Секрет очарования этого текста кроется в непрямых сравнениях, образующих параллельный ряд: иней, закравшийся в волосы поэта, и гора в снеговом покрывале; упрямо доцветающие сады и сердце поэта, по-юношески охваченное полуденно-летним жаром. Создателем текста настолько виртуозно подобрано соотношение ритмомелодики, лексики и звуковой аллитерации, что специалисты обнаруживают особую певучесть каждой строки. В частности, обратимся к началу второй строфы стихотворения: «Elhull a virag, eliramlik az elet» (Опадает цветок, убегает жизнь). «Поставленные рядом два простых повествовательных предложения звучат металлически гулко, как приговор, становятся толкованием непреложного закона, донесшимся к нам из иного мира, музыкой, успокаивающей сердце, несмотря на всю ее мучительность… Из двадцати семи букв венгерской строки двенадцать гласных и пятнадцать согласных, но среди согласных шесть «l» и две «г», то есть еще восемь мягких палатальных звуков…»[253]. Этим и объясняется эффект ощущения того, что строка «струится, скользит, летит». Чувствуя ответственность перед автором, переводчики Петефи пытаются максимально приблизиться к оригиналу и передать его элегически-грустную тональность: «Увяли цветы, умирает живое» (Б. Пастернак); «Шуясь сяськаос кадь кысэ улэп лул но…» (В. Кельмаков, удм.).

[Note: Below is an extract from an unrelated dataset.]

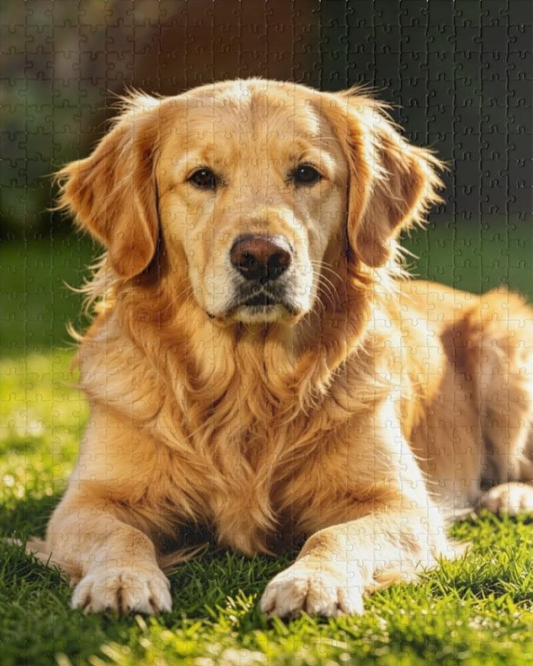 Custom Photo Puzzle — (500 pcs - Vertical) — Customizable Photo & Art Jigsaw Puzzle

В самом тексте стихотворения ни разу не встречается слово «осень», но именно предзимний пейзаж становится аллегорией осени человеческой жизни. Словно предчувствуя раннюю трагическую кончину, лирический герой сдержанно-сурово вопрошает свою возлюбленную: «И, если я раньше умру, ты расправишь на мне похоронных покровов шитье?..»
Несмотря на несколько мрачноватый тон стихотворений Петефи (что вполне объяснимо романтическим мироощущением самого автора), они вызывают глубокий интерес своей запоминающейся символикой. Внимание читателя чаще всего привлекают образы мироздания (неба, земли, светил), картины сновидений, мотивы сердечных мук, горечи слез, верности в мужской дружбе, бренности человеческого бытия. В основе символических перечислений в стихотворениях Петефи обнаруживается скрытая или явная антитеза. На наш взгляд, для удобства ознакомления с поэтикой стиля венгерского классика в школе было бы целесообразто обратиться к медитативной лирике поэта из его цикла «Тучи» (1847). Остановимся на отдельных стихотворениях из этого цикла.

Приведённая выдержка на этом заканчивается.